MR. James Echols: Before beginning our business session, I would like to welcome our first special guest speaker. Last January, Ann Veneman was unanimously confirmed by the U.S. Senate and sworn in as the 27th Secretary of Agriculture.

During her Senate confirmation hearings she repeated President Bush's belief that the spirit of the American farmer is emblematic of the spirit of America, signifying the values of hard work, self reliance and entrepreneurship.

Secretary Veneman brings a wealth of knowledge and understanding of agricultural policies and issues. She was USDA Deputy Secretary from 1991 to 1993, and Deputy Under Secretary for Agriculture for International Affairs and Commodity Programs from 1989 to 1991. From 1995 to 1999 she served as Secretary of the California Department of Food and Agriculture, where she managed the agricultural programs and services for the nation's largest agricultural producing state.

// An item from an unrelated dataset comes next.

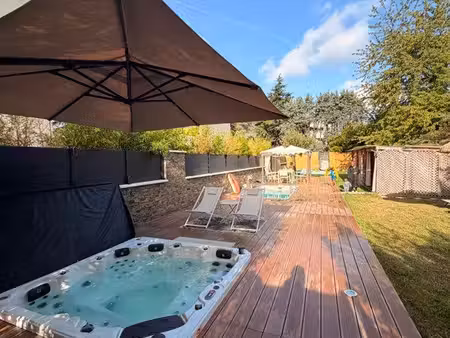 duplex cosy  piscine et jacuzzi en supplément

Secretary Veneman, an attorney, was raised on a peach farm in Modesto, California. She holds a bachelor's degree from the University of California at Davis, a master's degree from the University of California at Berkeley, and a juris doctorate degree from the University of California, Hastings College of Law.

Please join me in welcoming Secretary of Agriculture Ann Veneman.


SECRETARY VENEMAN : "Well, thank you very much for that warm welcome, and thanks to all of you for your graciousness in having me here today. I want to thank Gaylon Booker and the National Cotton Council and all the board members and particularly recognize John Maguire, who does such a great job for all of you in D.C.

"I also want to congratulate your leadership class. I know you all have been working with younger people to make sure that you have leaders for tomorrow, something we're also doing in our Department.

"I also want to congratulate today the newly appointed and reappointed members of the Cotton Board, which we are announcing today, and if you would like to see the press release, you can get on our website and take a look at it, but we are making that announcement today as well.

"And I know that Senator Kay Bailey Hutchinson's going to be here later, and we'd like to particularly recognize her, not only for her tremendous representation of this state in the United States Senate, but also for her leadership in the area of homeland security, which has been a priority for the President, and it's certainly been a priority in our own Department.

"I was talking with some of you earlier today, and they were telling me that they've heard some comments from those attending the convention that they were really excited that finally there's a member of the President's Cabinet, a Secretary, who exudes charm, magnetism, and is helping to bridge the gender gap. I knew immediately that they were talking about Don Rumsfeld.


"Recently there was a dinner in Washington. There's a thing called the Alfalfa Club, and I haven't quite figured out the reason for the club other than they have dinner once a year with members of the Senate and Presidents and all kinds of people. And so it's tradition for the President of the United States to come to this dinner and speak, and I know it's not the President's favorite dinner because he has to stay out too late. But he gave a terrific speech, and he talked a little about Secretary Rumsfeld in his remarks that night, and he said--he said, "The Secretary has become my administration's sex symbol, our version of Paula Zahn. He's become such a pin-up guy for older women, that I've got a new name for him, Rumstud.


"Then he went on to say, "I saw him earlier tonight, and saw this woman walking up with stars in her eyes, and you know, I just had to go up to her and pull her away and say, "Mother, control yourself." [Laughter.]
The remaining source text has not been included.